A lonely house? A rattling train carriage with no other occupants? An office block where only one light is working? Whether old or contemporary, every great ghost story begins with an isolated setting. Which leads to…


Suspense comes when our characters are cut off. Even groups in great horror shows become isolated while the “ghost” torments them, one by one.

Rumours abound

Fear has to be built; it doesn’t just arrive. The town whisper of mysterious happenings at the big house; an unnerving tale about the last occupant, often dismissed. If there’s one lesson to be learned here, it’s that when you’re in a ghost story, believe everything they say.

Bad weather

Brutal storms and impassable fog, no ghost story feels right without some truly bad weather.

The unexplained

Menace builds slowly: a dripping tap, writing on the window, the sense that someone is watching…

The truth must wait

Whether a story with unnerving elements, or a full-on spook-tastic read, the final horror – or the ghastly truth – waits until the end. However bad you think it is, it’s only going to get worse.

The scars remain

Even if our hero escapes, they are marked for life, sometimes for better (like Ebenezer Scrooge), sometimes for worse. And in the darkest of stories, there is no escape. What seems to be the fog lifting, or a friend approaching, is a harbinger of the true horror, the knowledge that our protagonist is trapped forever. Often until the final page, readers can never be sure of the outcome. Perhaps this gamble is what keeps so many people coming back for more.


PEST by Anna Willett (2020)

A truly haunting tale set on the outskirts of a small Australian town called Thorn Tree. It all begins with strange sightings of a female figure who enters the nightmares of the townspeople. Anna Willet’s writing shines through in every section, painting a terrifying but gripping narrative. Scare rating: !!!!

Great Australian Ghost Stories by Richard Davis (2012)

From convicts of our colonial past to the mysterious ghost lights of the outback, and spirits that wreak havoc on modern homes, Australia seems to be teeming with some of the most intriguing ghost stories.
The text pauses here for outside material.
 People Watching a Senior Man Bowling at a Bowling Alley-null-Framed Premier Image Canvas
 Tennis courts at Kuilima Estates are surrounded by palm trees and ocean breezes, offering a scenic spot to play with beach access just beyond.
This far-reaching collection features stories from all Australian states, covering two centuries’ worth of history. Scare rating: !!!

The Haunting of Hill House by Shirley Jackson (1959)

Made into two feature films, a play, and now the basis of a TV series, this novel is often considered a classic of the genre. Named by the novelist Stephen King as one of the great supernatural novels of the 20th century, it has (of course) a creepy house, but it is in the minds of its characters that true horror is found. Scare rating: !!!!!

The Woman in Black by Susan Hill (1983)

Also a successful play and film, this novel utilises Victorian ghost story tropes to full effect: a house cut off from the mainland, a mysterious previous owner, rumours from the nearby village, and things that go bump in the night. Scare rating: !!!!

The Old Nurse’s Story by Elizabeth Gaskell (1852)

Gaskell, best known for her novels Cranford and North and South, was also an avid writer of ghost stories. This tale features classic Victorian elements – an isolated house, a spooky child, mysterious music and some pretty atrocious weather. Scare rating: !

Collected Ghost Stories by MR James (1931)

James is often cited as an influence on modern ghost stories, including some of those listed here, and his tales of ordinary people caught up in terror build a slow sense of menace. Scare rating: !!!